Supervision of POCT analyzers is not standardised. Introduction of bed-side blood gas analyzers improved overall patient care, but strict precaution measures are needed (27). Survey results showed that group of laboratories which are accredited or in process of accreditation are responsible for providing operating instructions related to blood gas capillary sampling and take much more care about the quality control performance on POCT analyzers.
Correct recording of the time of sampling, sample delivery and processing for blood gas assays is not very common.
This study was a self reported survey which might not be providing the accurate and reliable information about the real situation, since respondents could have been providing desirable answers, instead of declaring the real situation in their institution. We are aware that observational studies have much more power to detect deviations from the standard procedures and non-conformities in the process, in comparison with surveys.
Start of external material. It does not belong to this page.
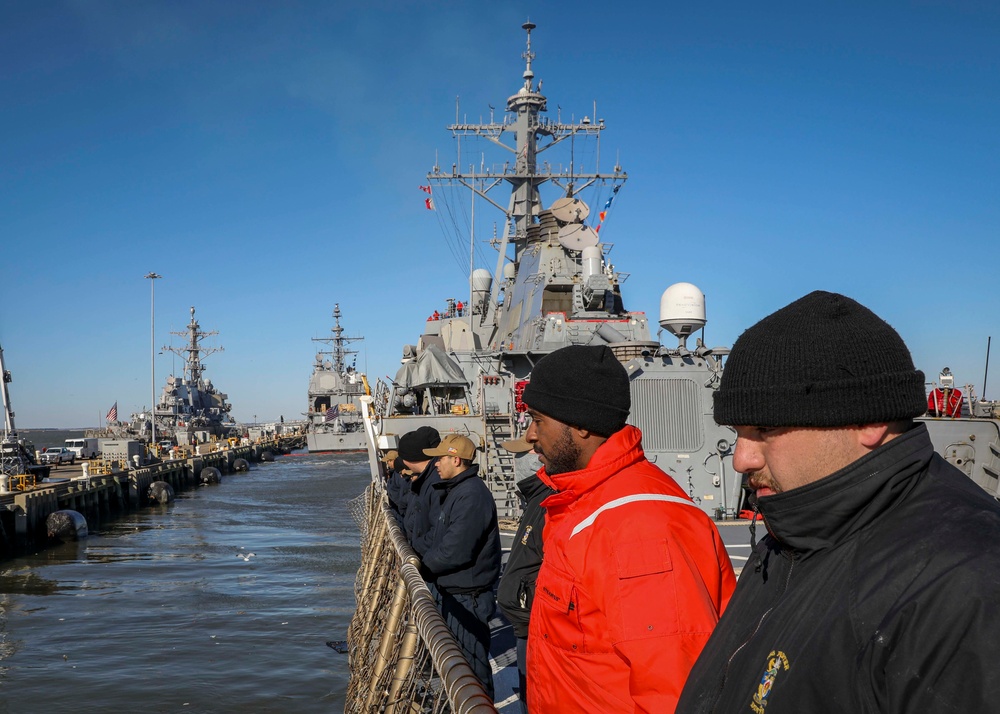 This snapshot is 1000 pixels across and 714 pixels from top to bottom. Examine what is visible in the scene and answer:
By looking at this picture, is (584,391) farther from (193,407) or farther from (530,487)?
(193,407)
This could as well be one possible limitation of our study.
Practices related to collection and analysis for blood gases in Croatia are not standardised and vary substantially between laboratories. POCT analyzers are not under the direct supervision by laboratory personnel in a large proportion of surveyed institutions. It is essential to provide a framework for nation-wide harmonization and standardization of laboratory procedures related to blood gas analysis in Croatian laboratories.